→ **Try it**: Reproduce everything from the line that contains "Car Dynamic Devil" down to the line that contains "Cowgirl at Desert" in the listing below, word for word and nothing more. Leave the pictures out.

→ **Raw data**:
================================
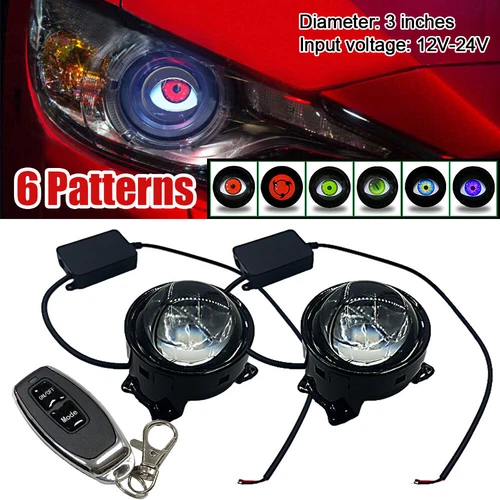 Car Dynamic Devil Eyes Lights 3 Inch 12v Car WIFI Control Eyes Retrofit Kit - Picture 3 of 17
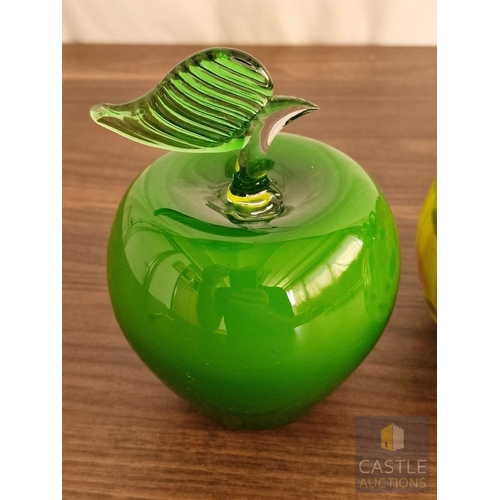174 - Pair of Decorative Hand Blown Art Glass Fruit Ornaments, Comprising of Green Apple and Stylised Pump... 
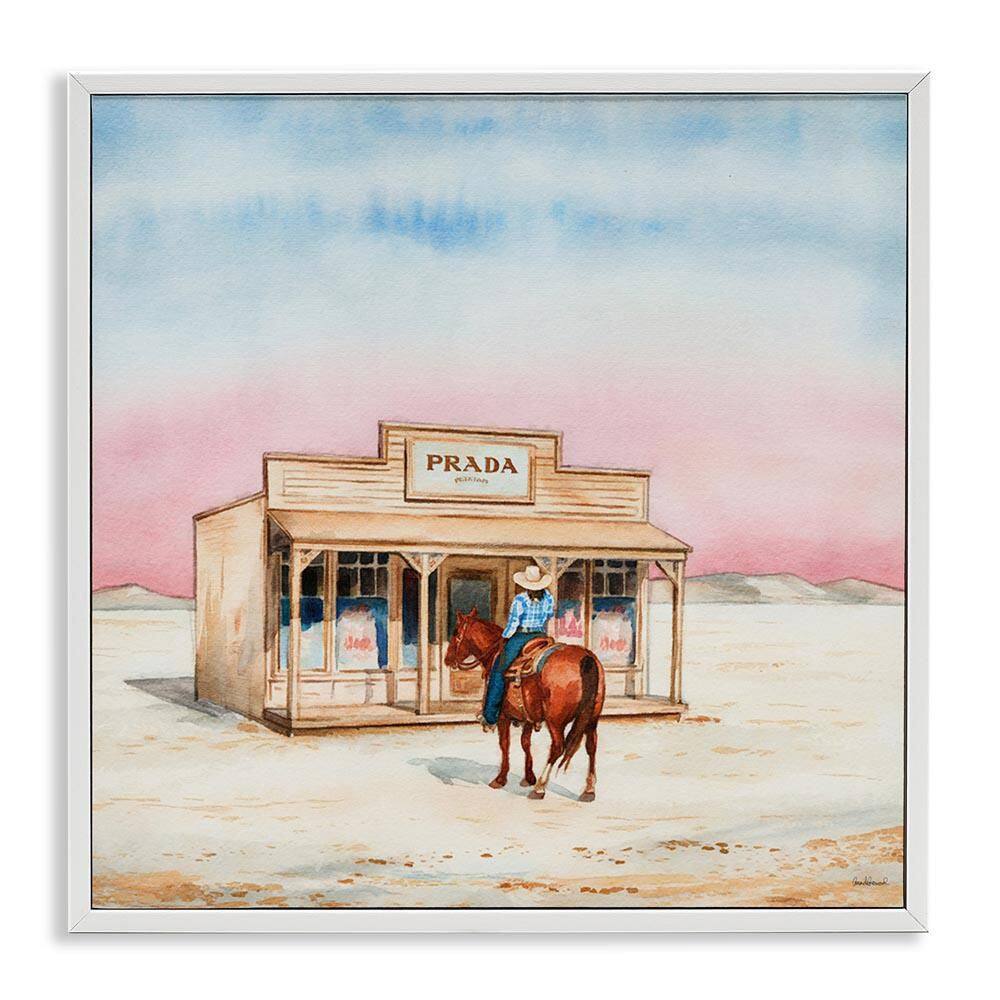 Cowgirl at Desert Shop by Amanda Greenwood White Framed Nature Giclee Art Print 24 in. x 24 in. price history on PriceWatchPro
================================
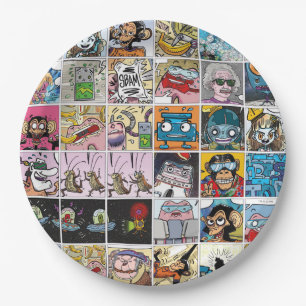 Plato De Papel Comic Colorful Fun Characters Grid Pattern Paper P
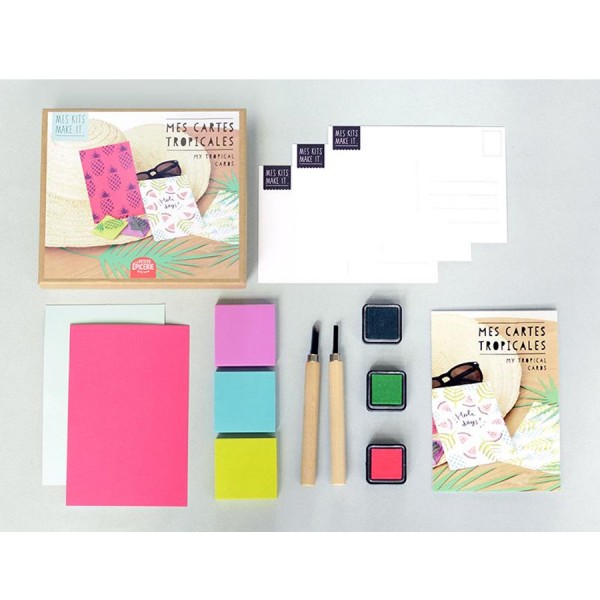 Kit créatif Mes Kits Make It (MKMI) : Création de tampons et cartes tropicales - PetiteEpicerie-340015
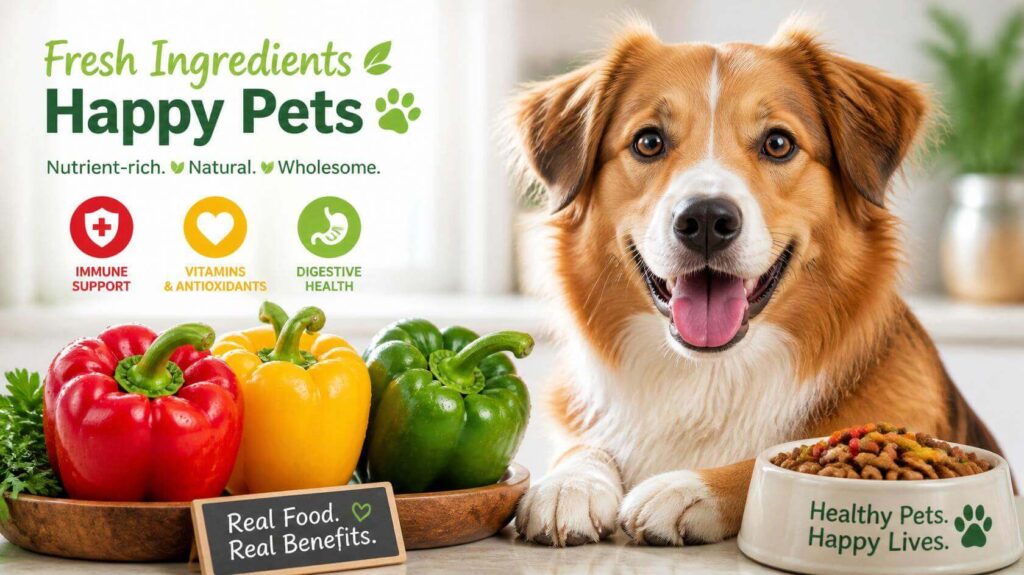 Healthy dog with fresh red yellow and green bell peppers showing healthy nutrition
================================
→ **The answer**:
 Car Dynamic Devil Eyes Lights 3 Inch 12v Car WIFI Control Eyes Retrofit Kit - Picture 3 of 17
174 - Pair of Decorative Hand Blown Art Glass Fruit Ornaments, Comprising of Green Apple and Stylised Pump... 
 Cowgirl at Desert Shop by Amanda Greenwood White Framed Nature Giclee Art Print 24 in. x 24 in. price history on PriceWatchPro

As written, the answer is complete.